Justice David Williams considered in Al Fattan that this was a further indication that removing the DIFC Courts’ inherent jurisdiction to stay proceedings could not have been the legislative intention behind the DIFC Arbitration Law.
The Legislative Solution
In light of these issues, the DIFC Authority’s April 2013 Consultation Paper, which sought public comment on a proposal to amend the DIFC Arbitration Law, was particularly welcome. The proposal centred around the application of Article 13 of the DIFC Arbitration Law. In effect, Article 13 provides that if a matter subject to an arbitration agreement (whether seated in or outside the DIFC) is brought before the DIFC Courts, the Courts shall dismiss or stay such action upon the request of a party so long as the arbitration agreement is valid. In both Injazat and Al Fattan the DIFC Courts had found that it only applied to DIFC-seated arbitrations. The DIFC Authority therefore proposed to amend the legislation to extend the application of Article 13 to arbitration agreements providing for a non-DIFC seat or which do not designate or determine the seat.
This amendment was enacted on 15 December 2013.5 It has removed the uncertainty created following Injazat and Al Fattan and the apparent disparity between the DIFC Courts’ treatment of DIFC-seated and non-DIFC seated arbitrations. The express purpose of this amendment was to align the DIFC Arbitration Law with the New York Convention.
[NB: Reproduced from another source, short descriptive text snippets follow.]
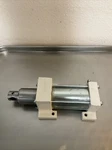 Sds Dental Chair Motor 8700DY. Fixed Price $110.00.
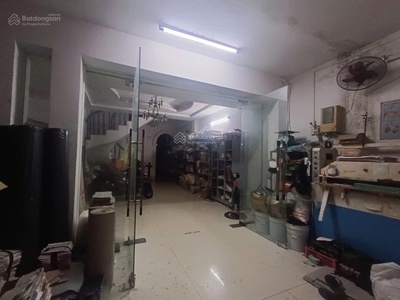 Bán nhà 4 tầng  6 20m  - cạnh chung cư pegasuite, quận 8 - nhỉnh 11 tỷ 3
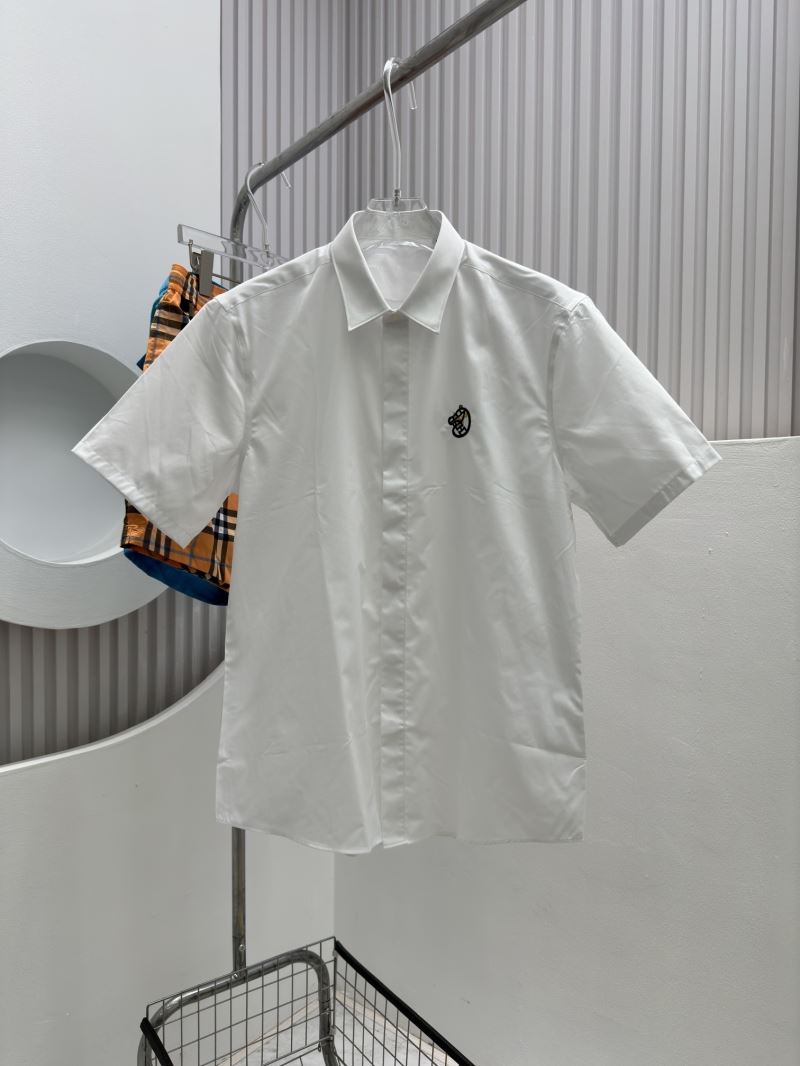 Prada Shirts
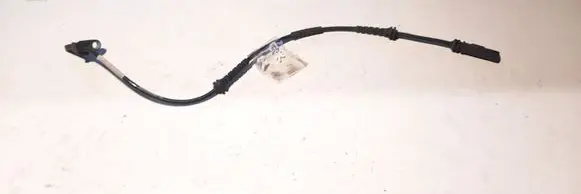 BMW X1 F48 F49 ABS rear brake sensor 3452685846702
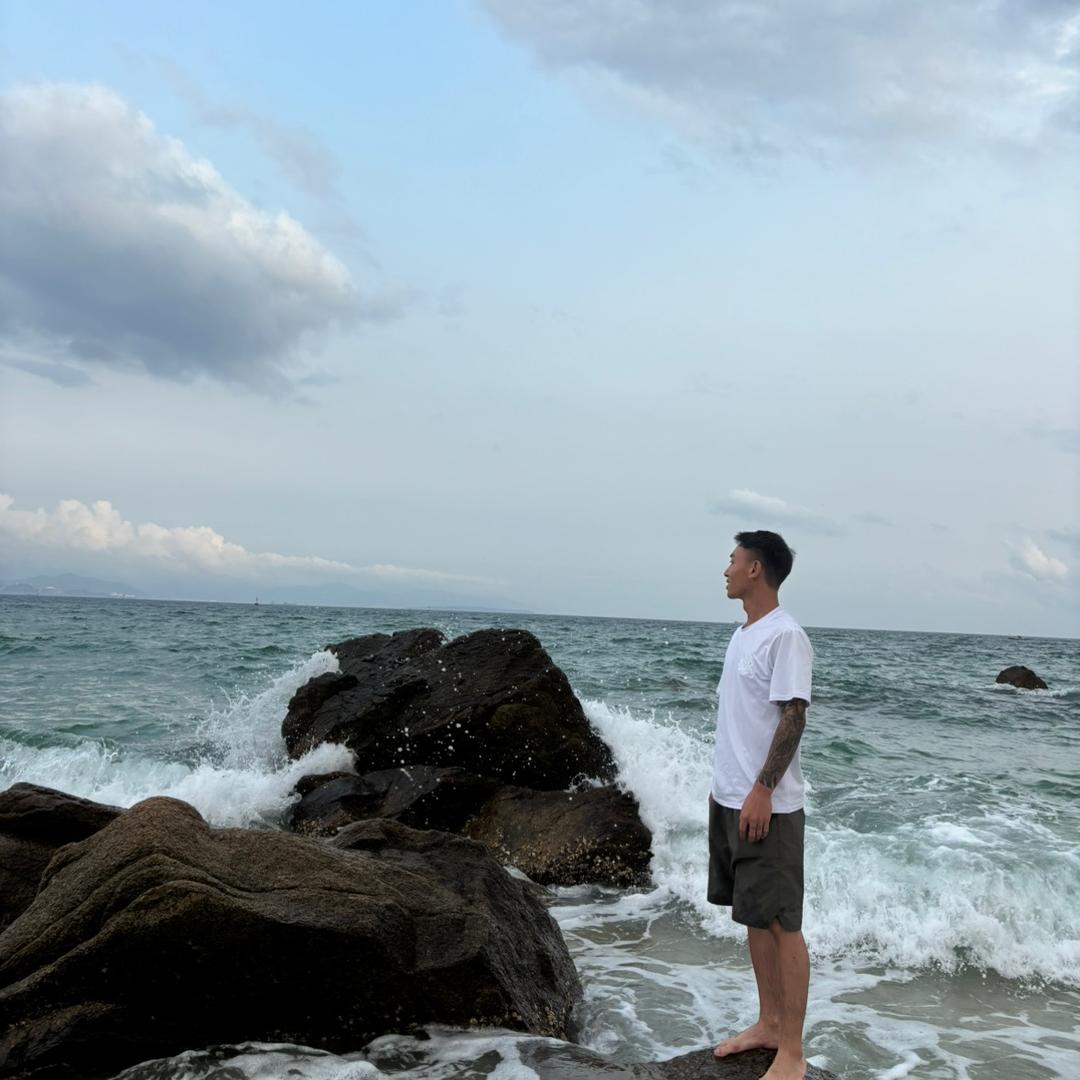 🌴비르🌴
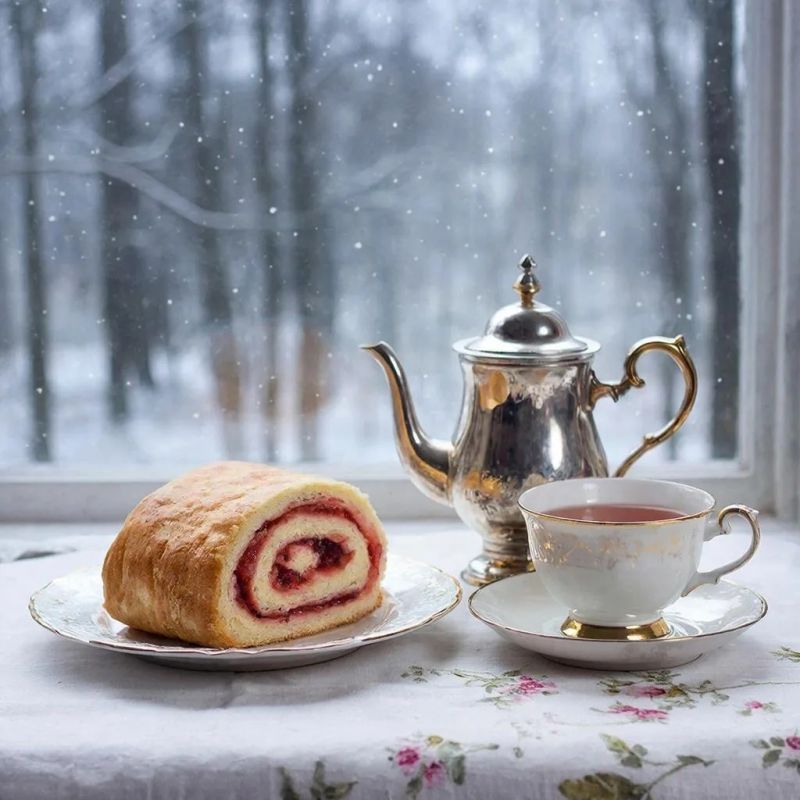 ������� ����� ��� ��������� ��������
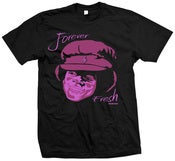 Image of MJ FRESH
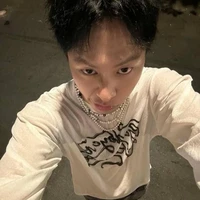 Phạm Bảo Khang( Hurrykng)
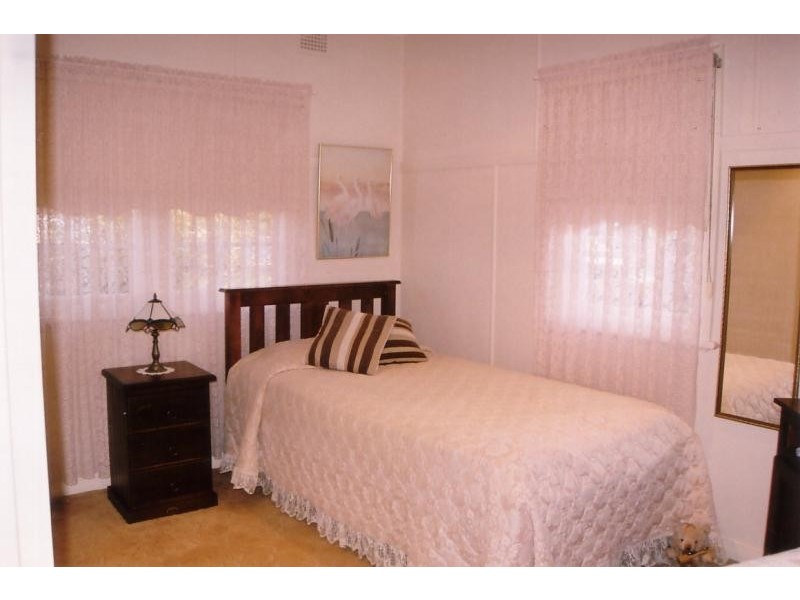 33 Marcia St, Coffs Harbour NSW 2450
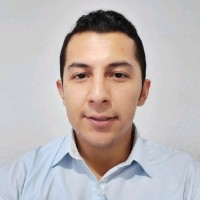 German Osorio Flores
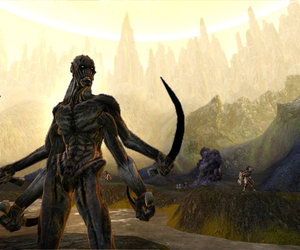 Age of Conan: Rise of the Godslayer Files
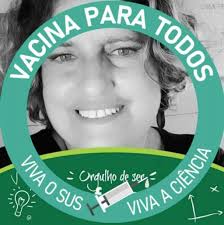 Livro O Nariz Detetive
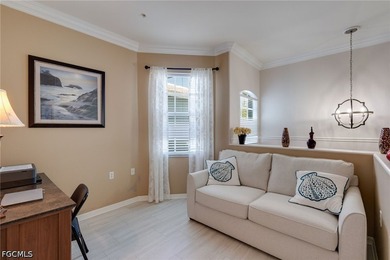 Stunning Second Floor Coach Home with Premium Upgrades! Welcome - photo 12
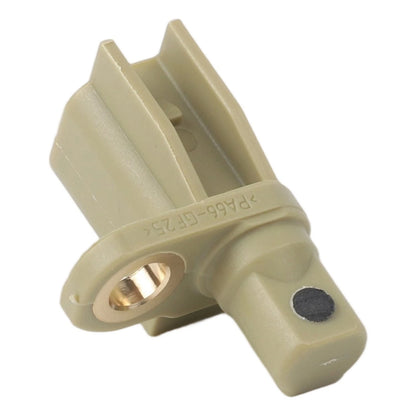 ABS Speed Sensor for Ford Focus V40 Kuga Transit (2010–2018)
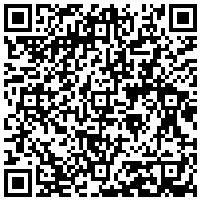 QR Code for bitcoin:bitcoin:bitcoin:bitcoin:bitcoin:bitcoin:bitcoin:bitcoin:bitcoin:bitcoin:bitcoin:dash:XcE8DWjRxbAv4GgpvGo8ddaC2bz8WKXAPJ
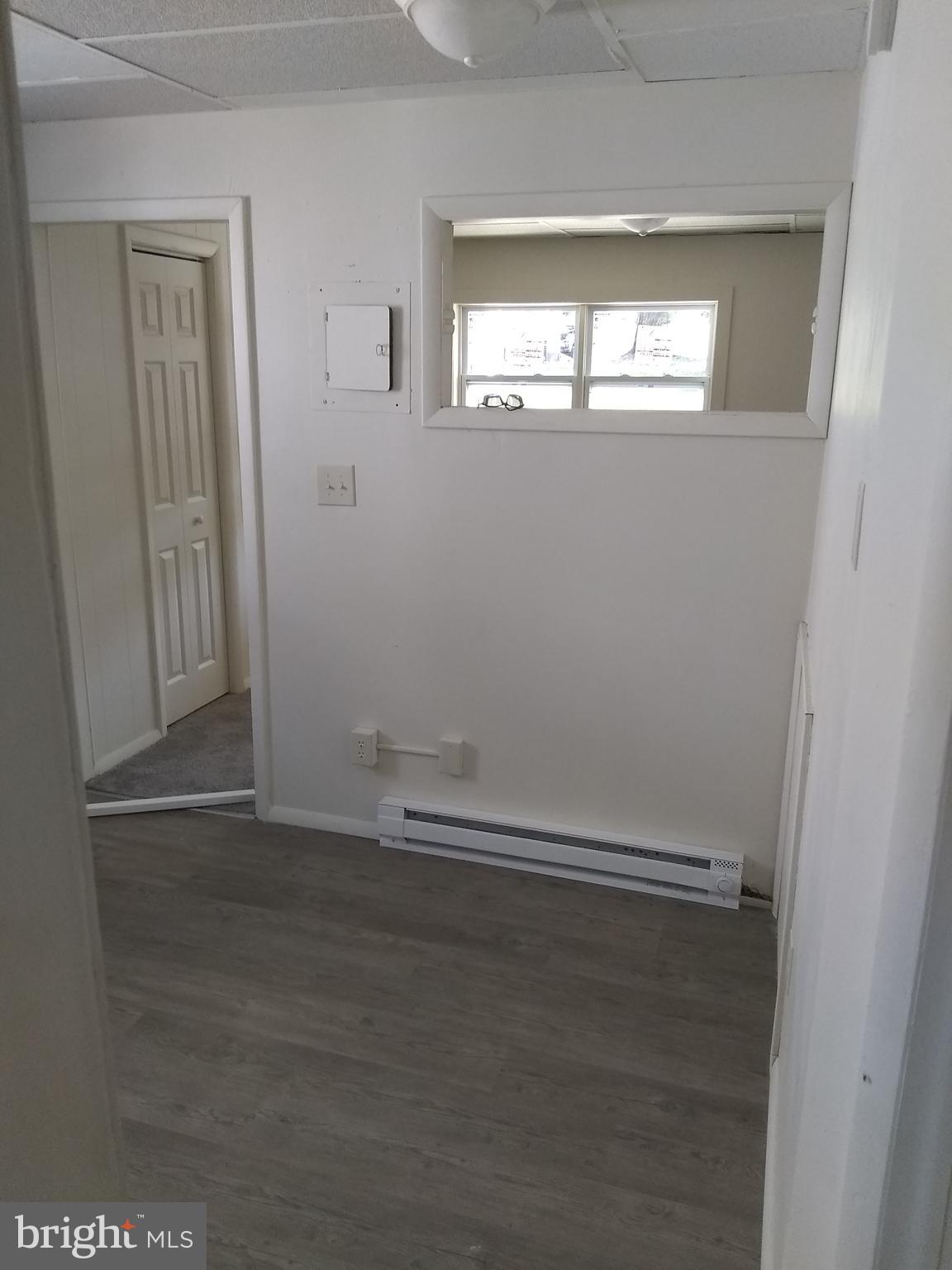 741 Main Street, Unit A Delta, PA 17314 - Photo 4 of 6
Taken alongside recent positive steps in respect of amendments to the DIFC Courts’ Rules (discussed in our October 2013 alert “DIFC Courts open consultation regarding amendments to the Rules of the DIFC Courts”), this rapid response to the emerging case law further affirms the DIFC Authority’s and the Ruler of Dubai’s commitment to providing businesses with a jurisdiction which is supportive of arbitration and compliant with the New York Convention.